Please copy exactly the lines from the one containing "Heaven Must be - CD Audio Singolo di Tavares" to the end of the entries, both included, and nothing else. Omit every picture.

-----

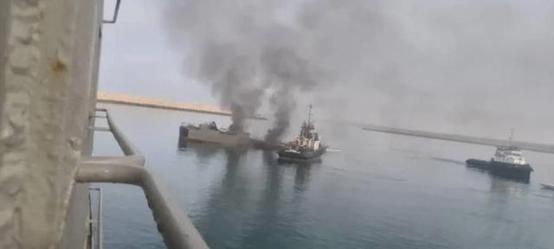 果然是美国人搞的鬼，伊朗导弹误炸背后，还有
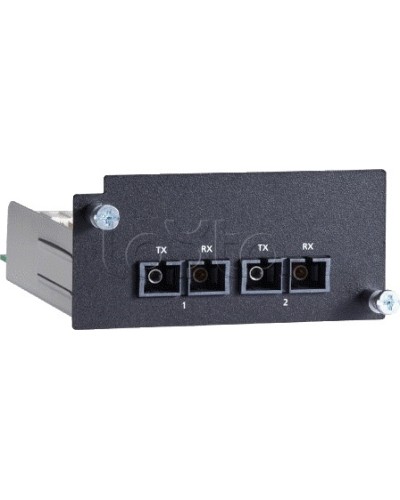 Модуль 2 x 100BaseFX Moxa PM-7500-2SSC в Прокопьевске Дополнительное оборудование для сетей Pintop.ru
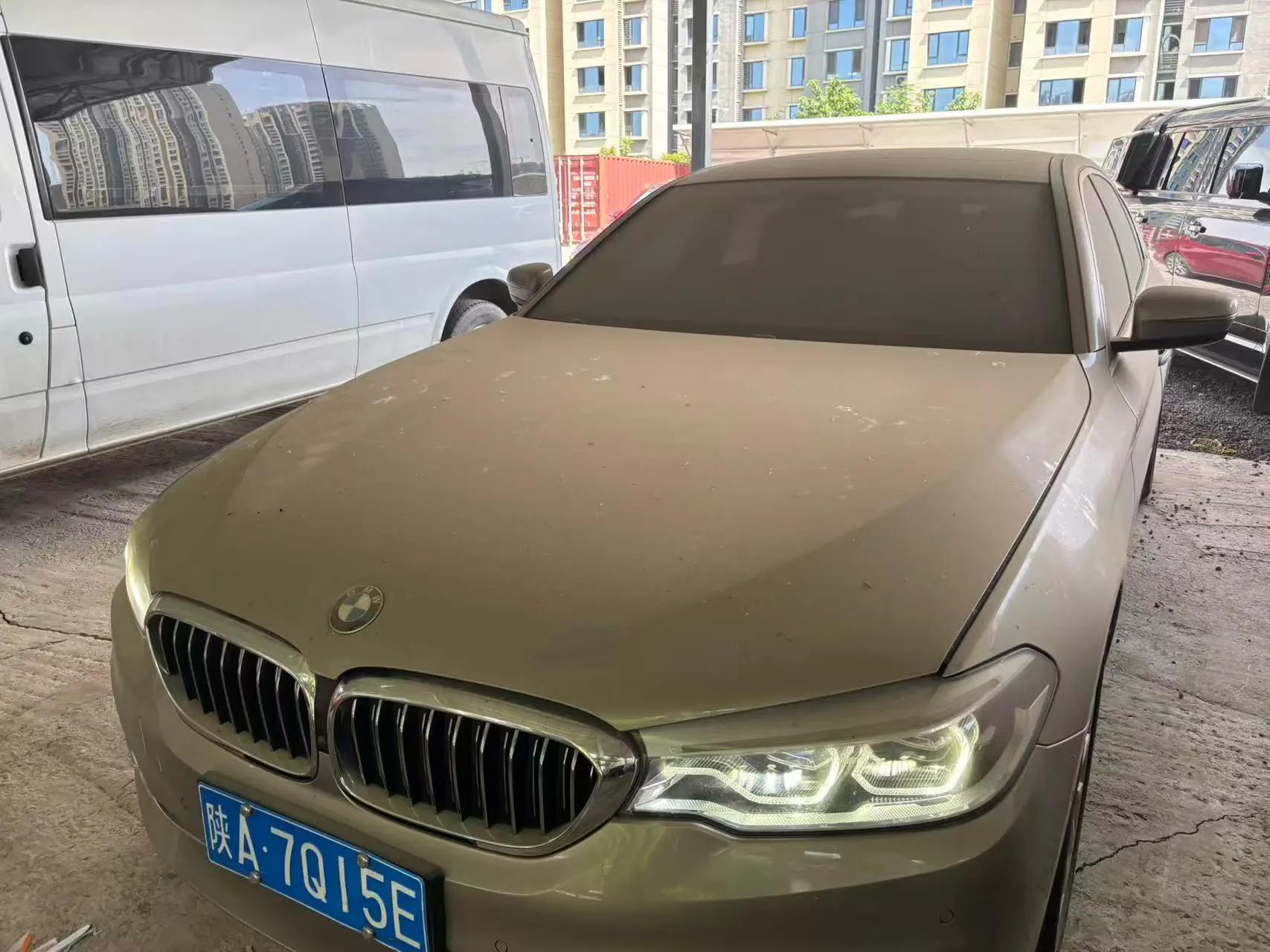 BMW 5 Series 2020 530Li Premium Luxury Suit 2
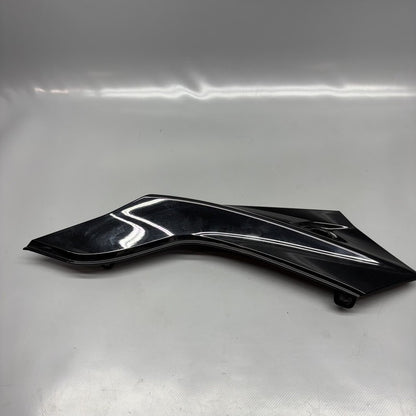 8403867 BMW F900R SIDE REAR TRIM FAIRING LEFT 2020 2021 2022 2023 2024 OEM 8403867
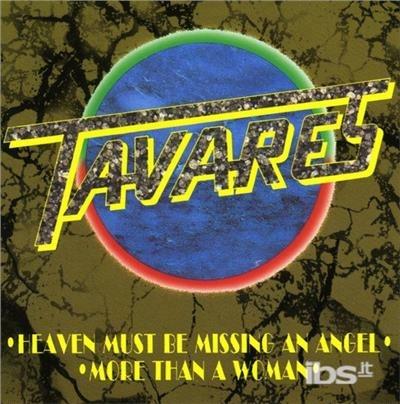 Heaven Must be - CD Audio Singolo di Tavares
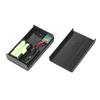 2*AA/AAA Rechargeable Batteries Charger Solar Powered Charger 1W 4V Solar Panel for Battery Charging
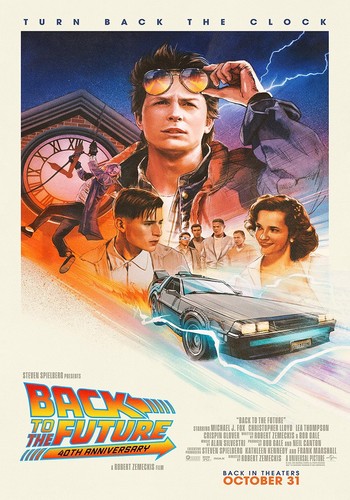 Back the future - to,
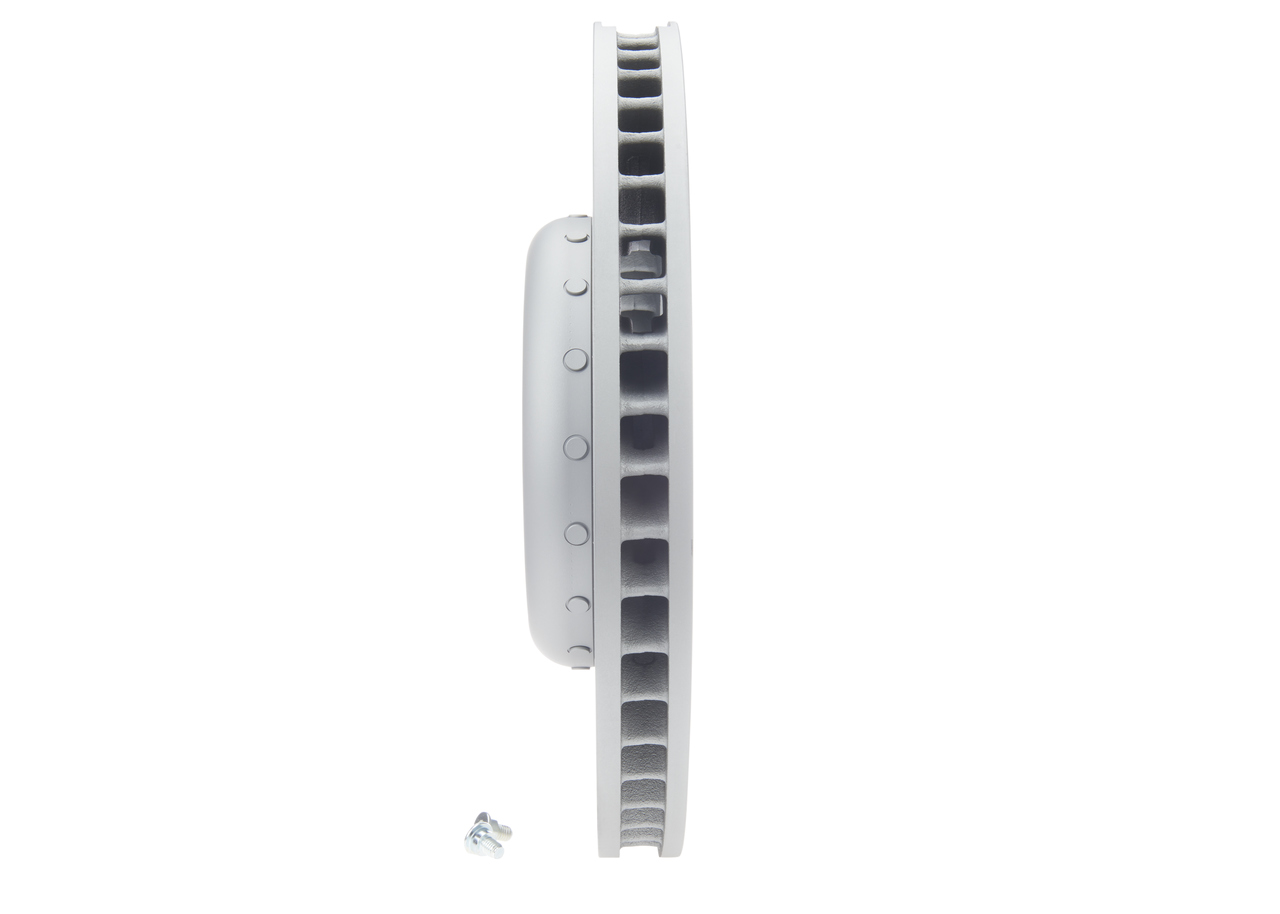 BOSCH Bremseskive 0986479e28 ventileret 374mm 36mm for BMW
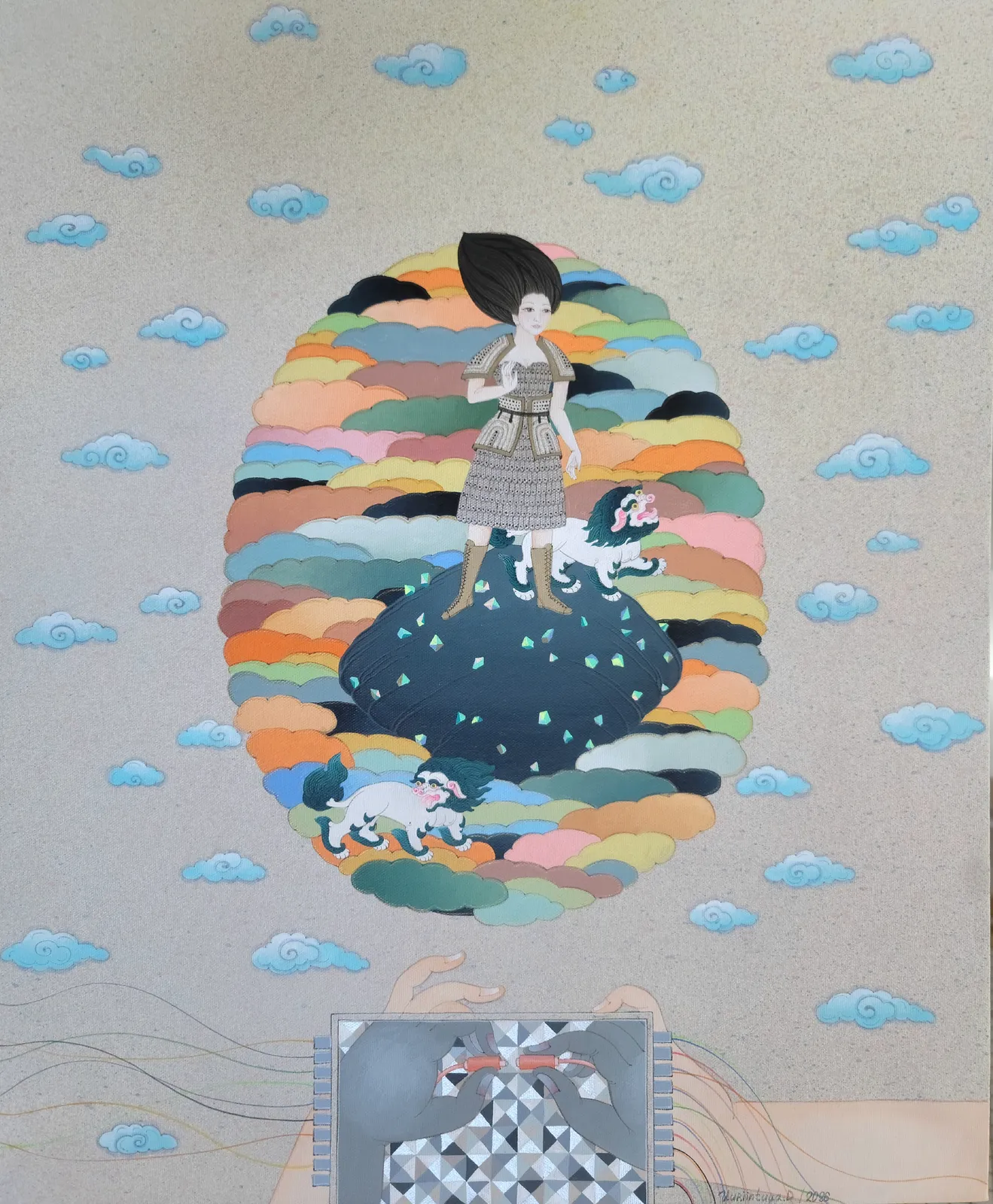 Uuriintuya Dagvasambuu (Mongolia), Dream Maker, 2026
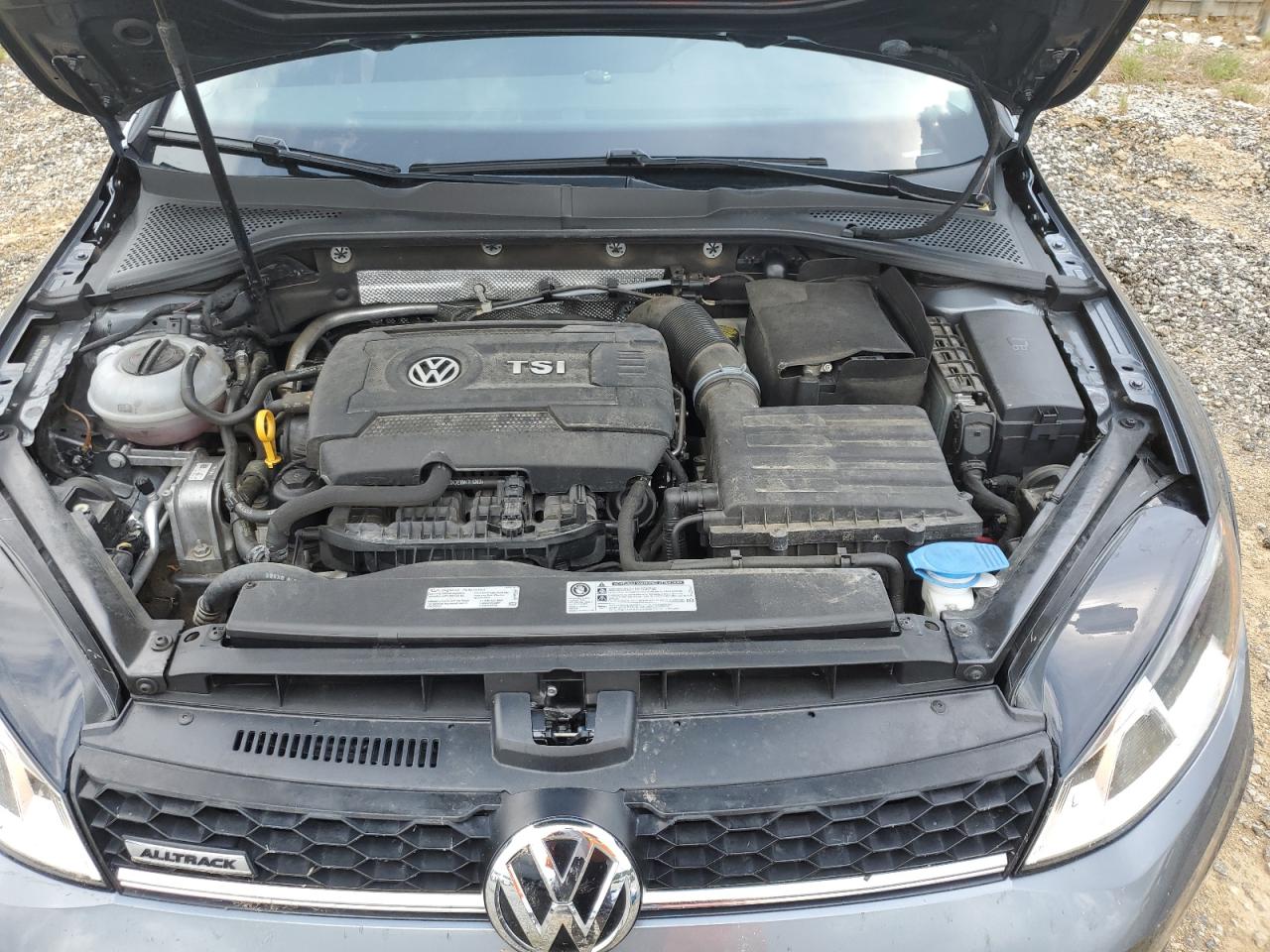 VOLKSWAGEN GOLF ALLTRACK S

-----

#### Exercise result
 Heaven Must be - CD Audio Singolo di Tavares
 2*AA/AAA Rechargeable Batteries Charger Solar Powered Charger 1W 4V Solar Panel for Battery Charging
 Back the future - to,
 BOSCH Bremseskive 0986479e28 ventileret 374mm 36mm for BMW
 Uuriintuya Dagvasambuu (Mongolia), Dream Maker, 2026
 VOLKSWAGEN GOLF ALLTRACK S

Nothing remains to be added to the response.